Saya sungguh kagum kepada “The Good Samaritan” yang diceritakan Tuhan
Yesus ketika mengajar topik mengasihi sesama manusia.
Pasti bukan kebetulan ketika suatu hari saya melihat 2 pengendara sepeda
motor (berboncengan) sedang terguling di atas aspal tepat di depan mobil saya
yang sedang melaju. Rupanya sepeda motor mereka slip karena jalanan licin penuh
lumpur basah sehabis hujan. Untung saya sigap menginjak pedal rem, sebab kalau
tidak, pasti mereka tergilas.
Harusnya saya lewati saja karena saat itu saya harus pergi dengan anak
dan istri saya ke suatu tempat di Cibubur. Tetapi cerita tentang “The Good
Samaritan” itu tiba-tiba mampir di kepala saya seolah ingin mengingatkan saya.
“Masakan saya menjadi orang Lewi dan Imam yang lewat dari seberang jalan
padahal melihat jelas ada orang sekarat habis dirampok?” kata saya dalam hati.
Maka saya pinggirkan mobil, turun dan menghampiri 2 orang yang masih tertimpa
sepeda motor itu. Saat itu saya langsung tawarkan bantuan, dan atas saran
seorang satpam yang ada di situ, saya bawa 2 orang itu ke tukang pijat karena
tempurung lututnya sepertinya ‘meleset’ dari engselnya.
Mobil saya harus masuk ke gang-gang sempit menuju kampung tempat tinggal
tukang pijat itu. Di dalam mobil, dua orang yang habis terjatuh itu masih
meringis kesakitan. Di rumah tukang pijat itu saya menunggu si pasien diurut
kakinya. Dari teras rumah saya mendengar teriakan-teriakan mengaduh dan suara
merintih dari dalam bilik sementara si kakek tukang pijat itu dengan tenangnya
“mereparasi” tempurung lutut si pasien sambil cerita ngalor-ngidul. Setelah selesai, saya antarkan 2 orang itu
mendapatkan taksi untuk pulang karena kaki yang masih terpincang-pincang itu
tak mungkin bisa mengendarai sepeda motor.
Kurang-lebih 2 jam saya habiskan waktu. Untung istri dan anak saya penuh
pengertian. Berbuat baik ternyata butuh support
orang-orang terdekat, sebab andaikan istri saya mengomel, tentu batallah niat
untuk menjadi ‘The Good Samaritan’ itu.
Tapi itu soal kecil. Saya tak perlu bermegah. Tetapi rasa sejahtera
memang benar merasuk ke dalam hati setelah kejadian itu, walaupun saya dan 2
orang yang terjatuh itu tak saling kenal.
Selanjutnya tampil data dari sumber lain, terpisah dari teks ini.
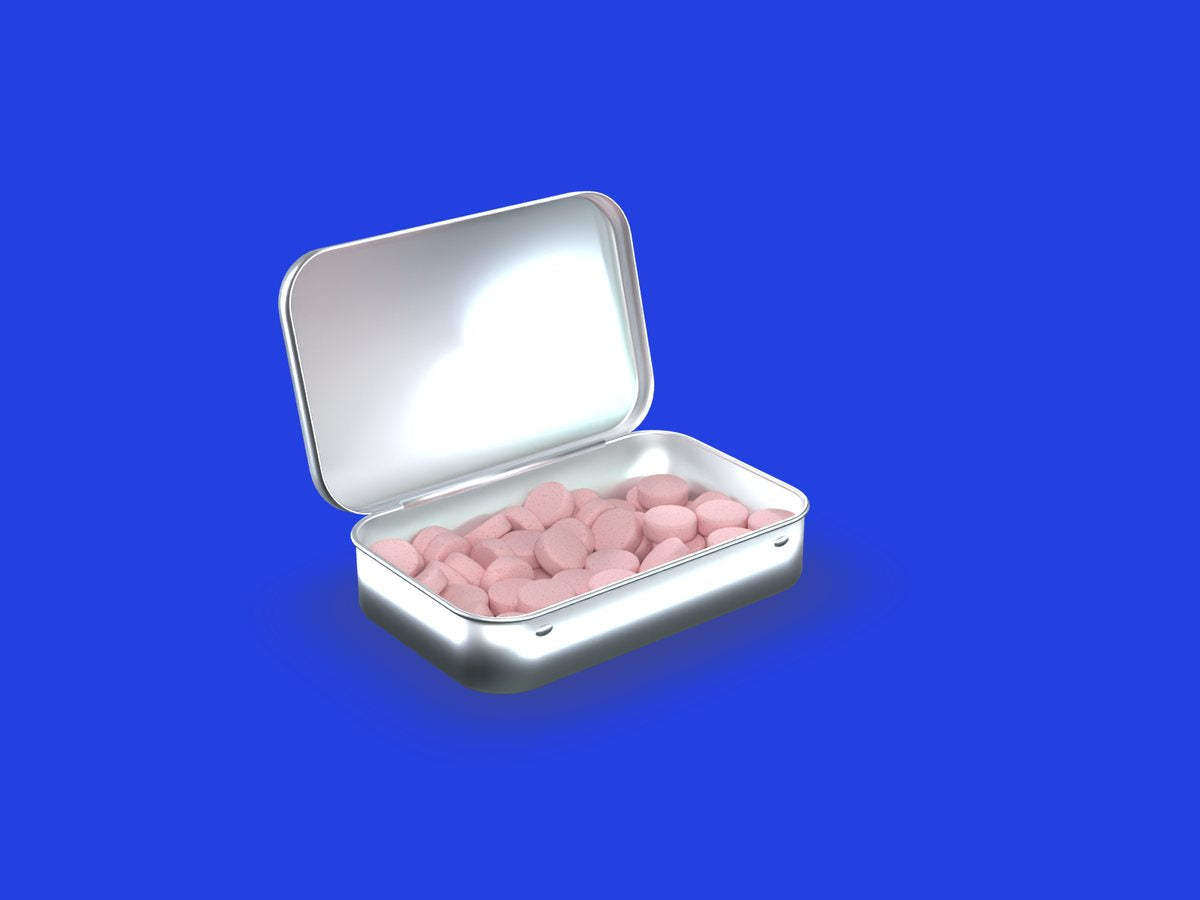 An open tin filled with strawberry caffeinated mints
Sekarangpun saya juga sudah lupa
wajah mereka.
Mengasihi orang yang tak kita kenal mungkin lebih mudah daripada
mengasihi yang membenci kita. Tetapi Tuhan Yesus mengajarkan soal ini ketika Ia
mengatakan: “Kasihilah musuhmu dan
berdoalah bagi mereka yang membenci kamu”.
Hari-hari berikutnya, seperti dugaan saya, orang itu tidak pernah
bersikap ramah kepada saya. Ia sering mempertanyakan apa yang saya kerjakan,
lebih tepatnya mempersulit dengan hal-hal yang tidak perlu. Saya belum mengerti
benar mengapa orang ini seolah-olah melihat saya sebagai musuh dan bukan
partner kerja. Ah, biasa. Soal seperti ini bukan yang pertama saya alami. Saya
beberapa kali harus menghadapi “orang-orang sulit”.
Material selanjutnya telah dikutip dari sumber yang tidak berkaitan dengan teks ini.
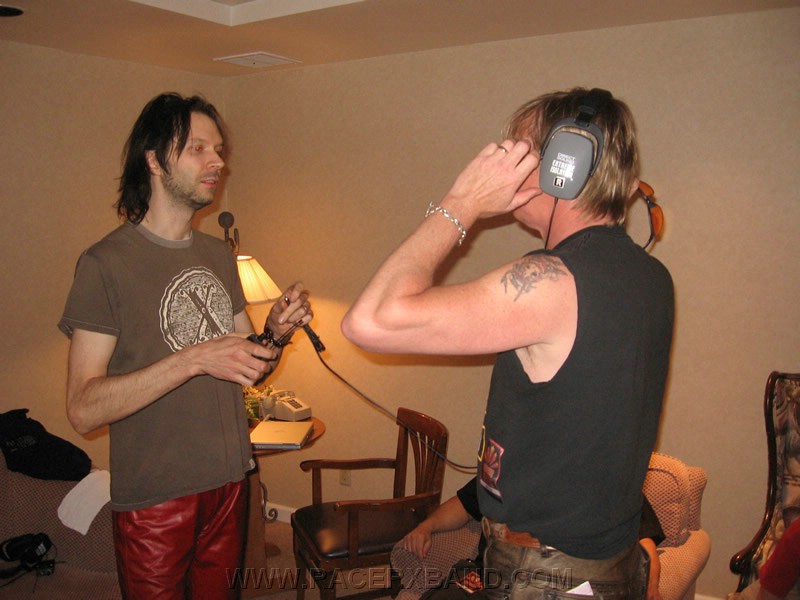 24. Paul shows Jeff his wireless headset and listens to Joe Satriani's set from the board..jpg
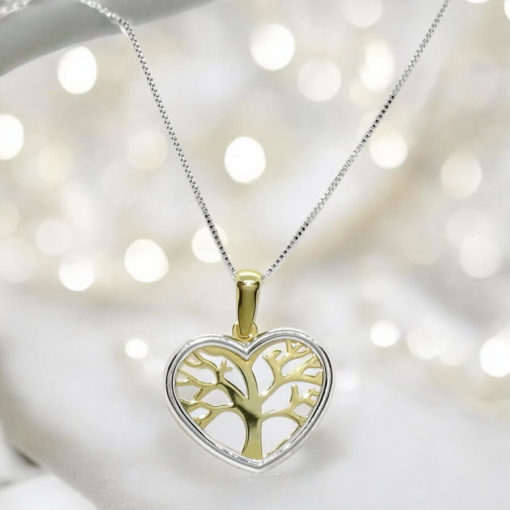 Collar de oro amarillo de 18k y oro blanco de 18k con forma de corazón y árbol de la vida. Especial mamá. Regalo especial de todo corazón.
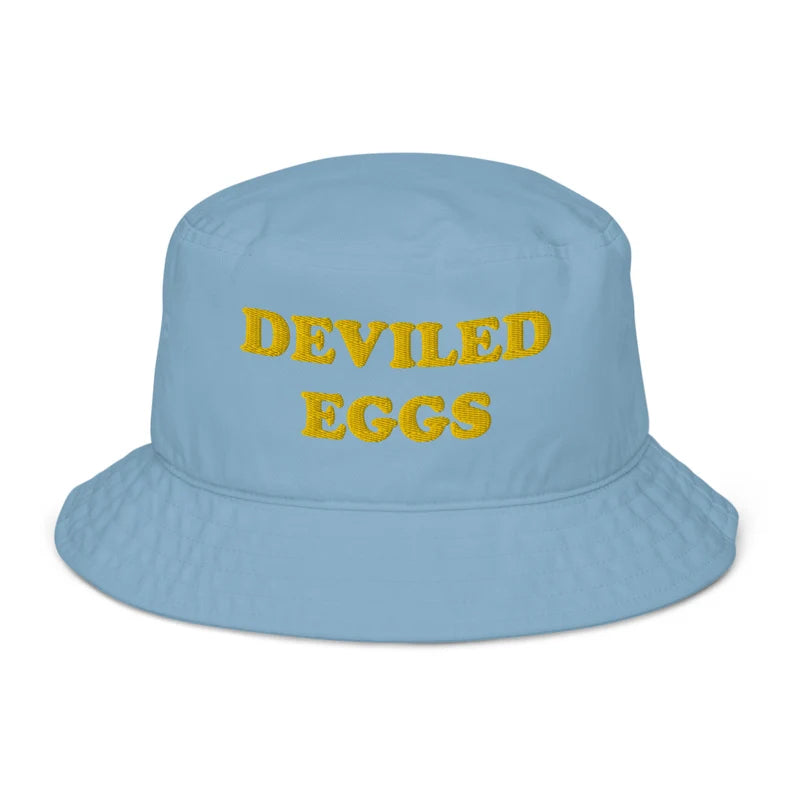 Blue and yellow embroidered bucket hat for beach, summer parties and everything else - This deviled eggs bucket hat is made of organic cotton and comes in a variety of trendy colors with yellow embroidery. It's a weird statement hat for deviled egg lovers and foodies. Eat deviled eggs in style, add individuality to your basics, or give it as a weird summer gift. It's the perfect funny bucket hat for foodies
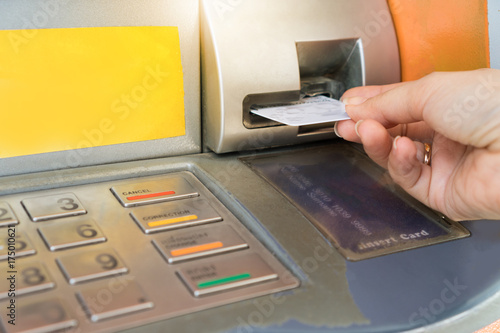 Hand inserting ATM card into bank machine.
Saya menenangkan diri lalu mulai berpikir bagaimana saya bisa meng-handle orang ini. Lalu teringatlah saya
akan nasihat Abraham Lincoln: “The best way
to destroy an enemy is to make him a friend”. Haha, maka saya tancapkan benar-benar nasihat itu
di benak saya. Hari-hari berikutnya saya sering mendatangi orang itu di
mejanya, mengajak ngobrol, menanyakan soal rumah tempat tinggalnya, menanyakan
anak-anaknya yang fotonya terpajang di meja kerjanya, dan sebagainya. Memang ia
masih sinis, wajahnya menunjukkan tidak suka. Biarlah, saya toh tidak rugi
apa-apa. Saya menunggu dari hari ke minggu, dan dari minggu ke bulan, dengan
senantiasa menganggapnya sebagai teman. Waktu memang memproses karakter
seseorang.
Ajaib, orang itu sekarang bersikap baik sekali kepada saya, lalu sering
mengajak bergurau. Soal pekerjaanpun ia memberikan support.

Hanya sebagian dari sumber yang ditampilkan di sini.